Anne returned to her husband and children to lead a quiet life…. until 1673. Aged twenty-five, and mother of six, she once again became a person of interest for Louis XIV.
Contrary to the husband of Madame de Montespan, who pretended she had died and made things difficult for Louis XIV, the Prince de Soubise saw the on-off interest Louis XIV had for his wife as a chance to gain importance and wealth. In 1669, the bedding rumours were followed by bastard rumours as Anne gave birth to a son shortly after. These rumours vanished as quickly as they appeared, but they seem to have been the source of an idea for the Prince de Soubise.
If the King has an interest in his wife, he may go ahead with whatever he intends to do with her… if then a child was born, even better. The King, for the sake of the child, would remain kind to the mother in case the affair came to an end… and the husband, if he proved to be no trouble, may expect some money for his silence.
It is not clear whether he actively shoved his wife into the direction of the King, but Anne, being pregnant, became dame du palais to Marie-Thérèse in January the following year. Five months later she gave birth a son.
Her husband claimed said son, Armand-Gaston-Maximilien de Rohan, as his own, while it was widely speculated that it was actually a royal-bastard. “In consideration of his services“, the Prince received quite a bit of money from Louis XIV. This son, although never acknowledged by Louis XIV and claimed as his own by the Prince, received plenty of support from the King during the years and was made Grand Almoner de France in 1713. In first, there was not much of a similarity between Louis and the boy, but as he grew older the Bourbon features were hard to deny.
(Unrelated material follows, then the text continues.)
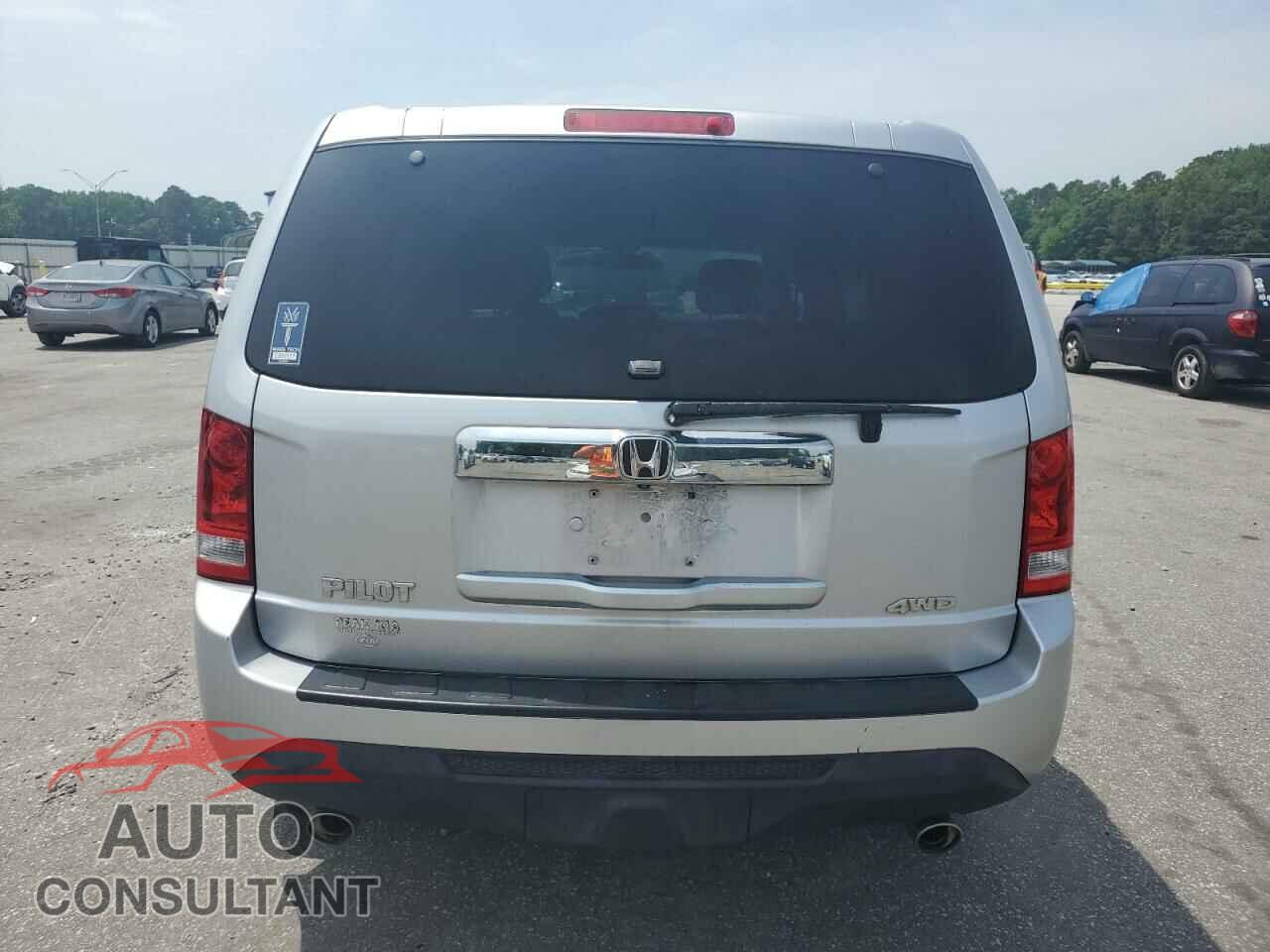 HONDA PILOT 2013 - 5FNYF4H55DB070142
The affair of the Princesse de Soubise and Louis XIV continued in a sort of on and off for the next two years. As Madame de Montespan spent some time away from court to “take the waters” in the summer of 1676, Anne was again at the King’s side. In first he was fascinated by her beauty, then by her spirit, but Anne turned cold and calculating over the years. She became more and more attached to possessions and what she could gain.
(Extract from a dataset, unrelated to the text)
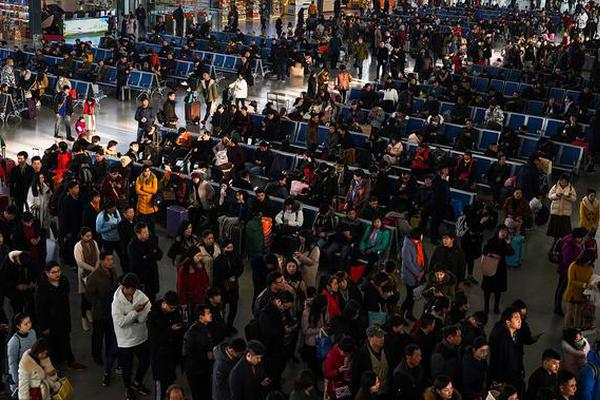 A tech company announced plans to hire 2000 new employees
Thanks to Madame de Sevigne’s letters, we know how the Princesse de Soubise signalled Louis XIV that she was available for a secret rendezvous. Whenever her husband was away for an evening, Anne wore large emerald earrings when attending the King’s dinner or supper.
While the affair lasted, Anne was of course on Madame de Montespan’s list of people she wanted to get rid of. She tried her very best to bad-talk her and, since Anne was often in delicate health, Montespan nicknamed her a pomme gâtée au-dedans. In the end, like many others before and after her, Anne fell victim to Louis XIV’s fickle moods. The Sun King had always more than one love interest. Next to the Princesse and Madame de Montespan, there was also Madame de Ludres and various others he turned to. She was simply not able to hold his interest. Louis was torn between all these women and whenever one fell out of favour, a younger and more beautiful one was eager to take the place. Louis’ on off affair with Anne continued until she lost her incisors, reportedly during childbirth. The King could not look at her anymore afterwards.
Anne spent the rest of her life in relative comfort, either at court or her Parisian home. She died there, aged sixty, on 4 February 1709 due to a cold.